If you haven't heard this song, press play and listen to the lyrics.
Middle School Days:
In eight grade I had Spanish class first period. Since I went to a Christian school, Señora assigned each student a devotional to open class with. I was one of the last students to lead that quarter and I was incredibly nervous. It was one week out and I still had no idea what I was going to say. We had the option to sing a song- which, if you've heard me sing, yikes. That wasn't an option. We could also play a video, write a story or read our favorite Bible verses. One night I stayed up way too late searching the internet for the perfect devotional. What seemed like centuries later, I ended up on YouTube. I found a video of a young girl singing this song and I was shocked, moved and inspired all at once. This song is already powerful. I could not believe that a little girl stood up and sang this (and sang it well!) to her church. She was passionate and I could feel her desire to live out the meaning of the song, as she sang each lyric. At six years old her love for Jesus was showing. Most adults don't have as much courage to sing infant of others, let alone let everyone know that they are willing for Him to use them to make a differnce.

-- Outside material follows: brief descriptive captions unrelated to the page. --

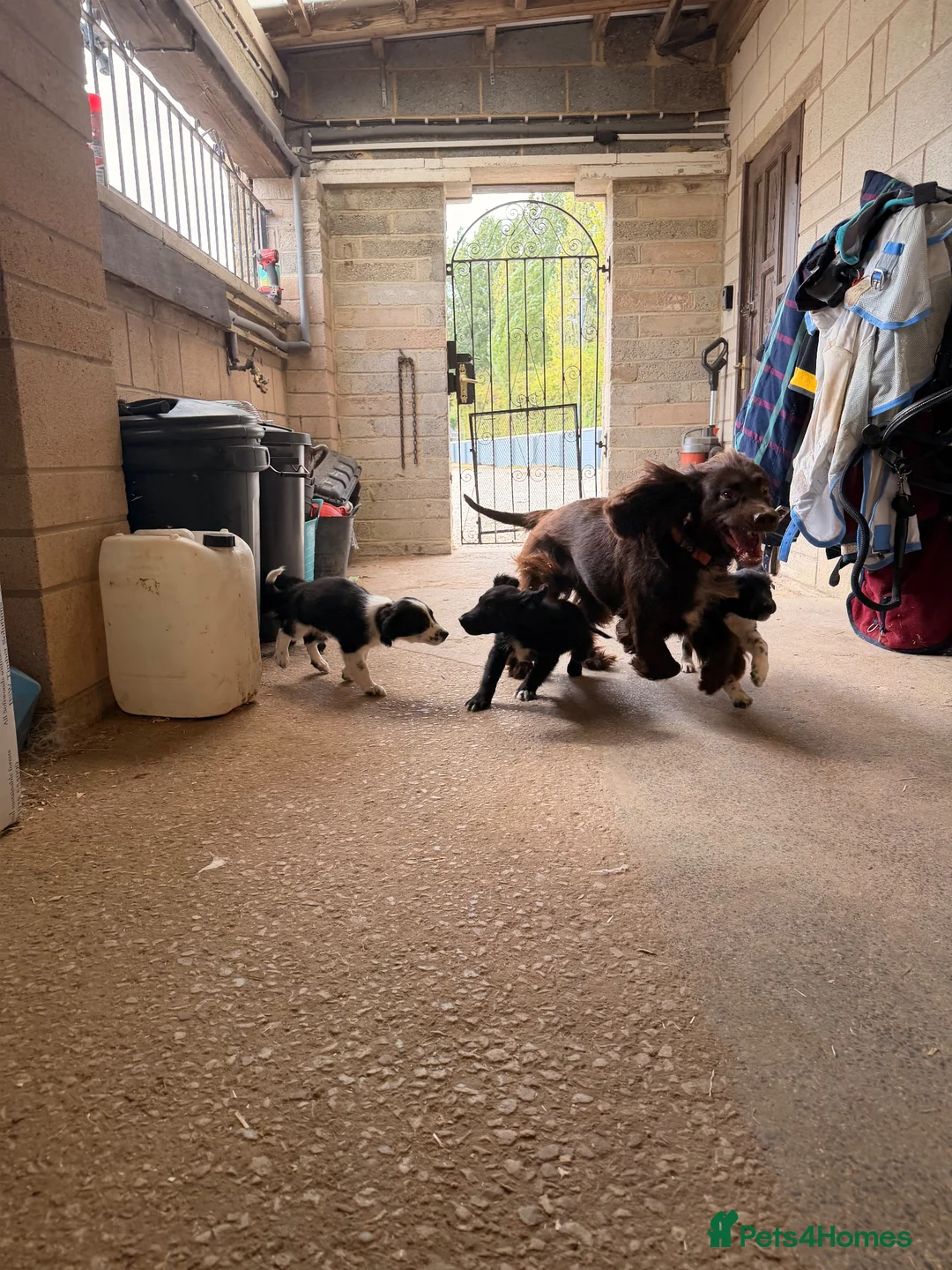 Sprocker dogs for sale: Sprocker pups available  - Advert 2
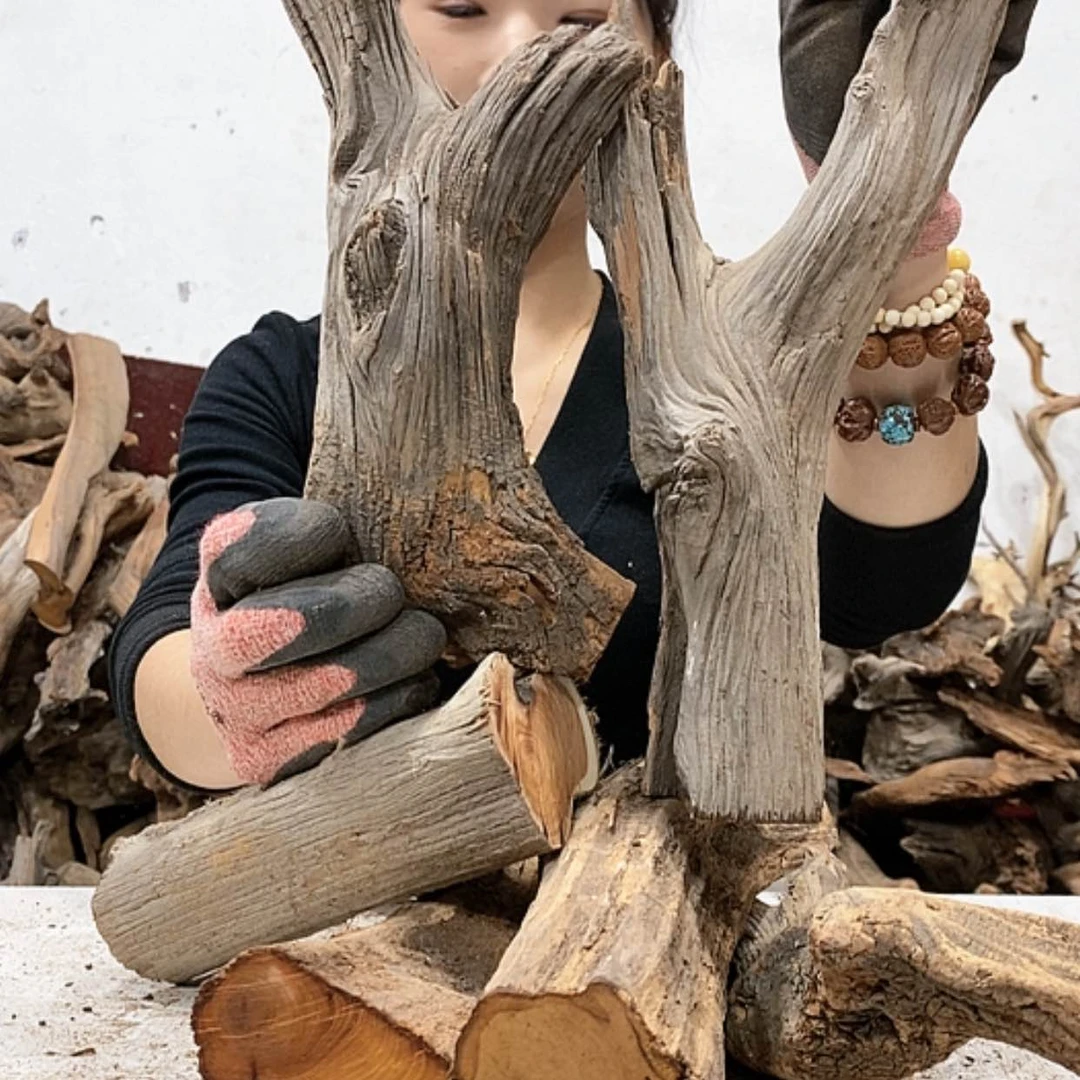 【闪购商品】柏木艺****销我们都是好孩子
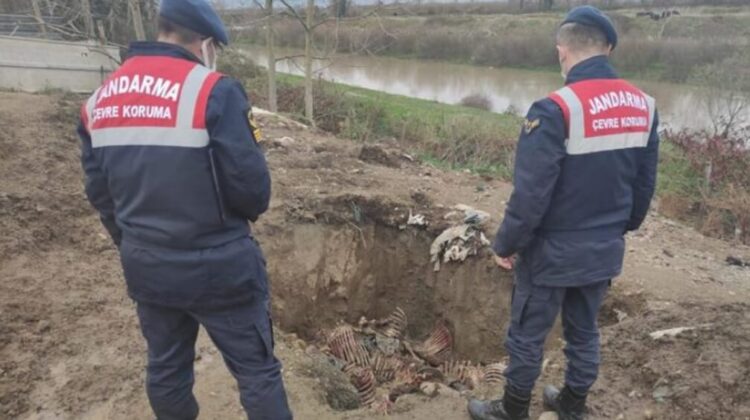 Kestikleri atları halka yedireceklerdi! 300 kilo etle yakalandılar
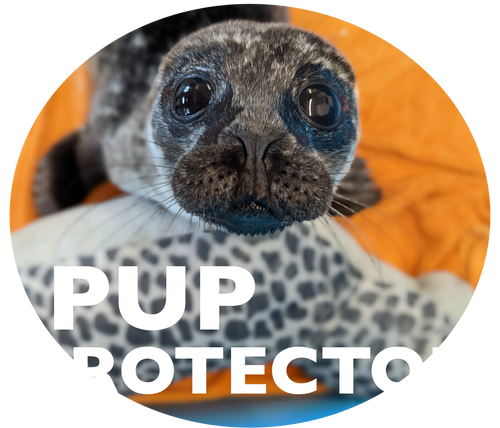 The Pup Protector Package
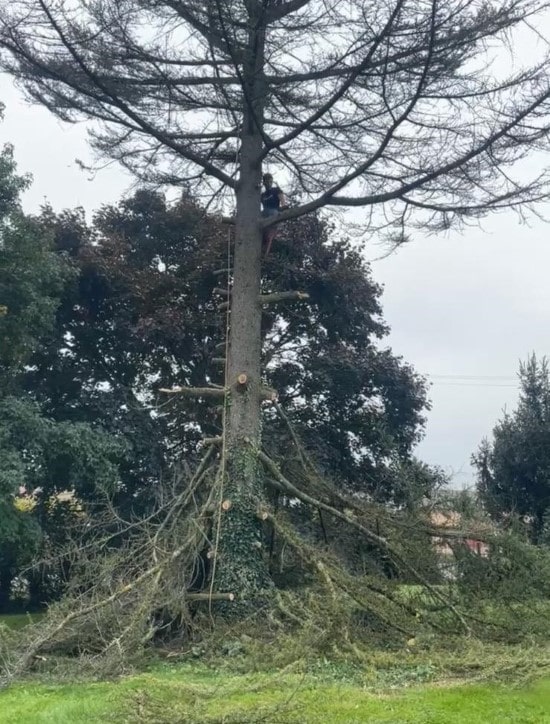 élagage d'arbres par nos elagueurs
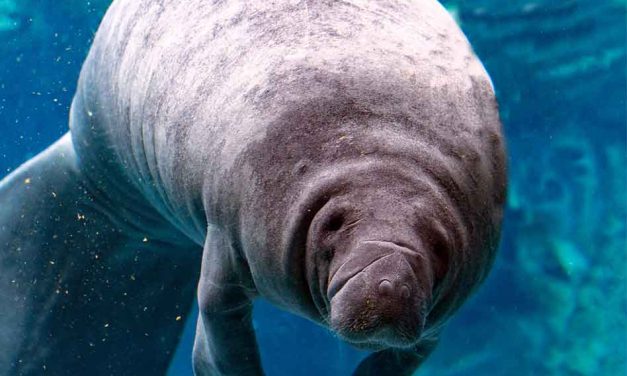 Florida Fish & Wildlife Commission Continues to Work at Keeping Manatees Safe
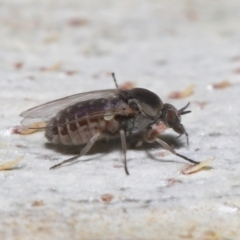 Ceratopogonidae (family) at Acton, ACT - 10 Jun 2021 11:52 AM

"Set The World On Fire" seems to pop up when I need it the most. My sophomore year of high school I wanted to do something more with my life. I wanted to make a change, I just didn't know how. It wasn't until the end of the school year that I joined the student lead organization called "Food Fight", which aids in the eradication of world hunger. Being a part of Food Fight was amazing. I felt like I was making a difference and serving the Lord. It was the thing I was missing in my life. My junior/ senior year, I was a team leader at my school. It was incredibly stressful trying to pass it with the administration and there were so may days I came home from school and cried. I was frustrated with people not wanting to get involved and make a difference. There were days I wanted to quit and one afternoon I almost did. I had this speech crafted and I was ready to resign. Then, I heard this song. I ran over to my laptop to quickly turn it up. I forgot about this song and it hit home. I related to a verse that I didn't have as strong of a connection with before. Singing the words made me burst into tears. I'm talking full on ugly crying. There was mascara running down my face and it was not pretty.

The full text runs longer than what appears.